▶ [The task]: What you output must match the entries exactly, apart from the pictures, which are left out.

Short text fragments from websites
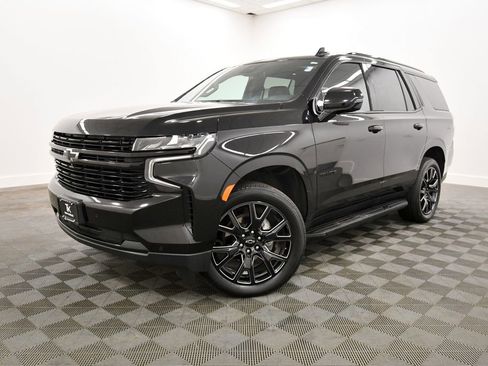 Used 2024 Chevrolet Tahoe RST w/ Luxury Package AWD/4WD image 2
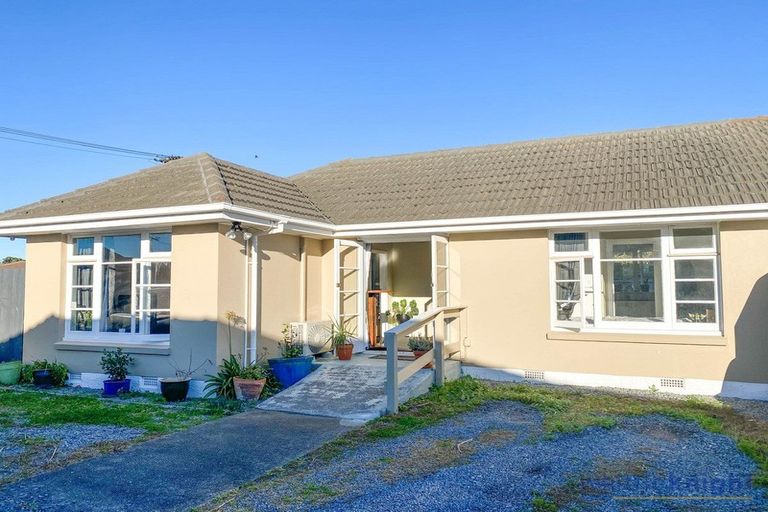 Photo of property in 1/100 Oram Avenue, New Brighton, Christchurch, 8061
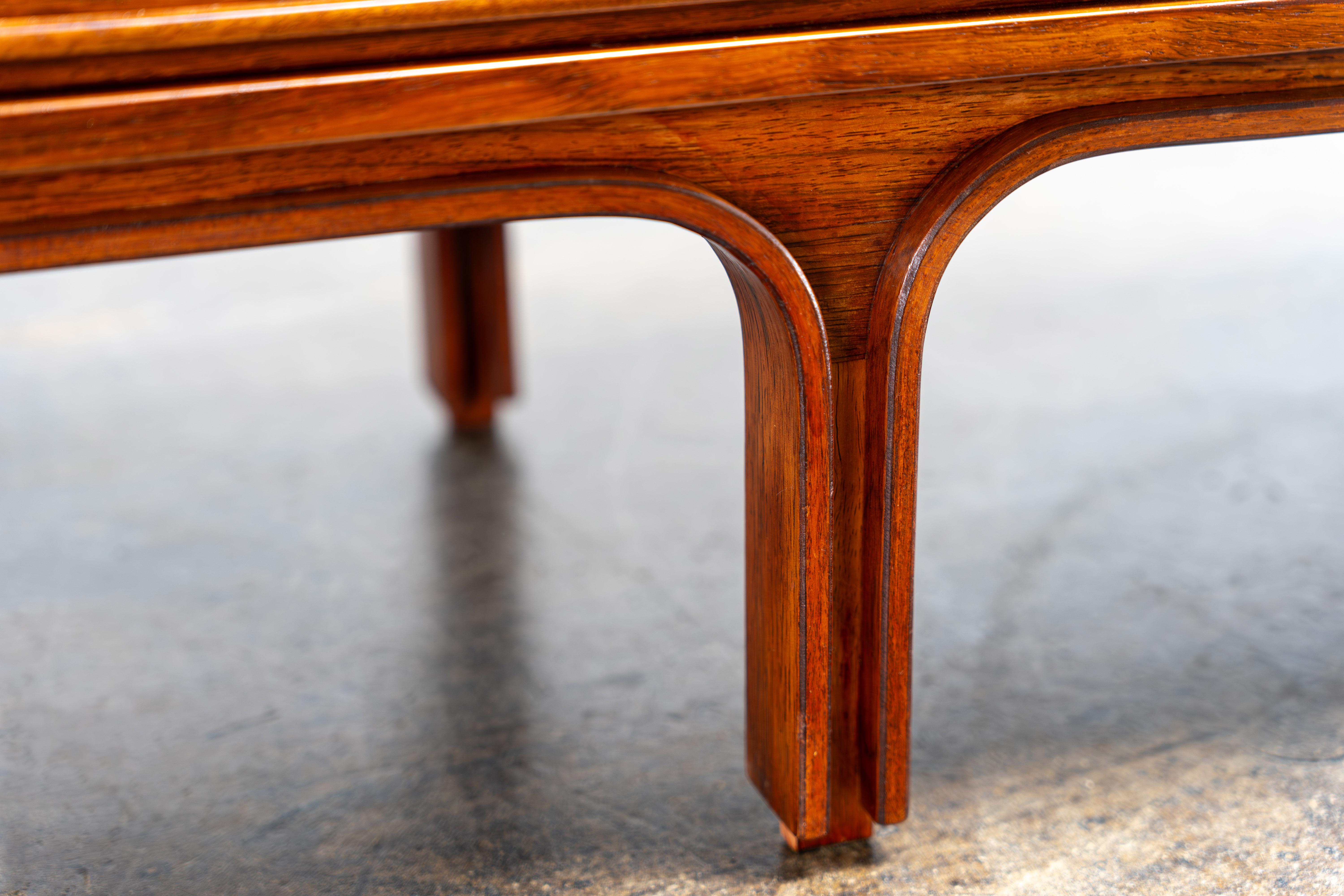 M501 Buffet en palissandre par Gianfranco Frattini Bernini Italie, années 1960 en vente 9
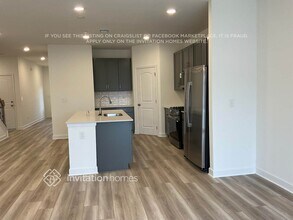 195 E Millbrook Dr in Spring Hill, TN - Building Photo - Building Photo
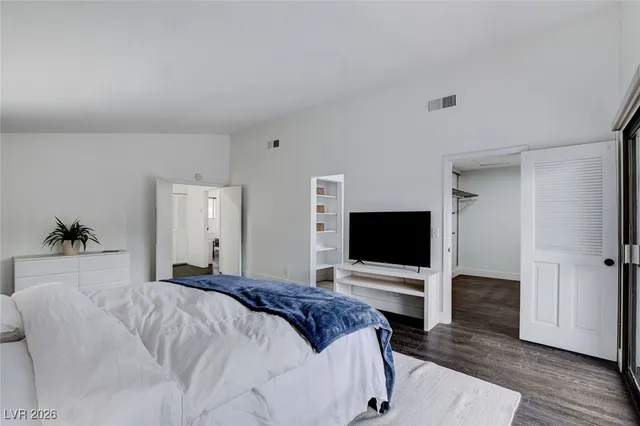 $4,995 | 945 Vegas Valley Drive, Las Vegas, NV 89109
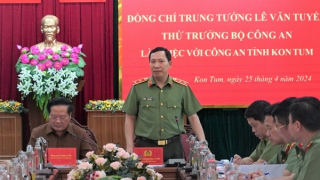 Thứ trưởng Lê Văn Tuyến kiểm tra công tác tại Công an tỉnh Kon Tum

▶ [Written answer]:
 Used 2024 Chevrolet Tahoe RST w/ Luxury Package AWD/4WD image 2
 Photo of property in 1/100 Oram Avenue, New Brighton, Christchurch, 8061
 M501 Buffet en palissandre par Gianfranco Frattini Bernini Italie, années 1960 en vente 9
 195 E Millbrook Dr in Spring Hill, TN - Building Photo - Building Photo
 $4,995 | 945 Vegas Valley Drive, Las Vegas, NV 89109
 Thứ trưởng Lê Văn Tuyến kiểm tra công tác tại Công an tỉnh Kon Tum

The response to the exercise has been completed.